Dengan terpilihnya Setyo Budiyanto dan kawan-kawan, KPK kian tegas sebagai perpanjangan tangan kekuasaan.
Komisi III Dewan Perwakilan Rakyat (DPR) RI telah memilih lima pimpinan Komisi Pemberantasan Korupsi (KPK) periode 2024-2029. Pimpinan lembaga antirasuah dipilih melalui voting oleh 48 anggota DPR di ruang rapat Komisi III, Gedung DPR, Senayan, Jakarta, Kamis (21/11) lalu.

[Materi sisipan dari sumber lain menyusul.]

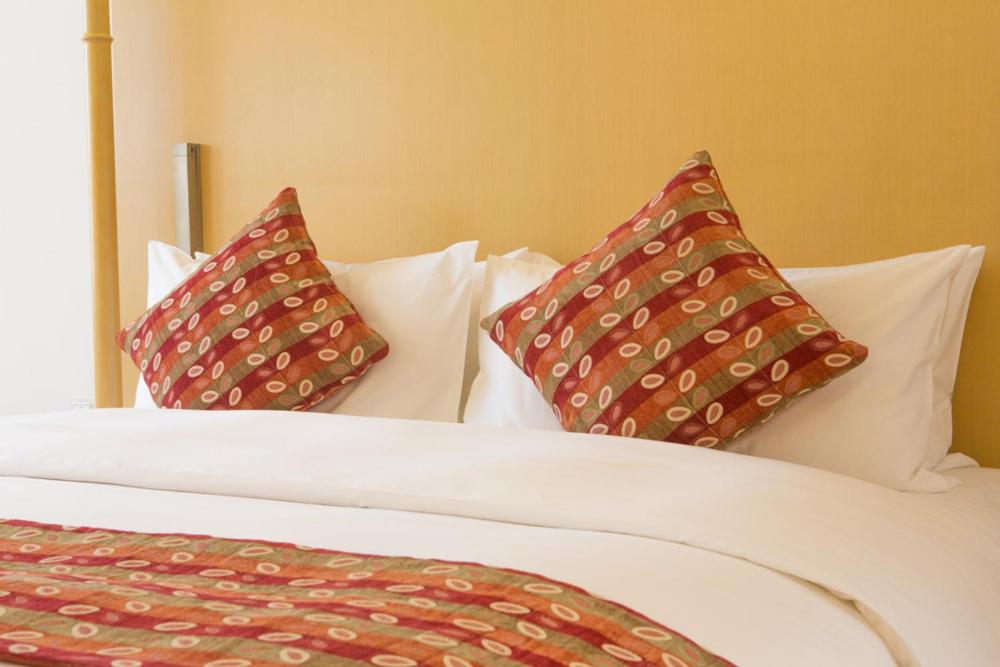 Executive Superior King Room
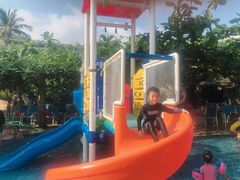 -三亚亚龙湾天域度假酒店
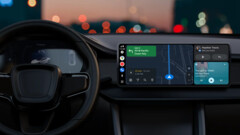 Widgets komen naar Android Auto voor een meer gepersonaliseerde rit (Afbeelding Bron: Google)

Kelima nama pimpinan KPK terpilih dengan suara terbanyak yaitu Setyo Budiyanto (Polri), Fitroh Rohcahyanto (Kejaksaan Agung), Ibnu Basuki Widodo berasal dari kalangan hakim, Johanis Tanak berasal yang mewakili kejaksaan, dan Agus Joko Pramono berasal dari Badan Pemeriksa Keuangan (BPK). Setyo disepakati sebagai Ketua KPK yang baru.

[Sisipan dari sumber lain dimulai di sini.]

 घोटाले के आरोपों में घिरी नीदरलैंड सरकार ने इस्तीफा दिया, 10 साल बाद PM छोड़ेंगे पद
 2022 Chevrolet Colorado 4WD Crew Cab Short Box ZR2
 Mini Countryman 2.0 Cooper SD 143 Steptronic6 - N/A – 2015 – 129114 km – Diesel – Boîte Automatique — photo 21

Tak seperti periode sebelumnya, tidak ada perempuan terpilih di jajaran pimpinan KPK yang baru. Padahal, ada kandidat dari kalangan perempuan yang lolos hingga tahap akhir, eks anggota Kompolnas Poengky Indarti dan anggota Dewan Kehormatan Penyelenggara Pemilu (DKPP) Ida Budhiati. Perwakilan dari masyarakat sipil pun nihil.
Peneliti Pusat Kajian Anti-Korupsi Universitas Gadjah Mada (Pukat UGM) Zaenur Rohman menilai komposisi pimpinan KPK yang dipilih DPR mengecewakan. Dengan komposisi seperti ini, ia khawatir KPK potensial menjadi sekadar antek kekuasaan.
"Saya melihat KPK ini menjadi sekber, sekretariat bersama bagi aparat penegak hukum, yang masih aktif dan juga masih purna. Ini kemudian akan berdampak pada semakin hilangnya independensi KPK. Saya tidak melihat dengan konfigurasi pimpinan KPK yang seperti ini KPK kembali menjadi lembaga independen," kata Zaenur kepada Alinea.id, Jumat (22/1).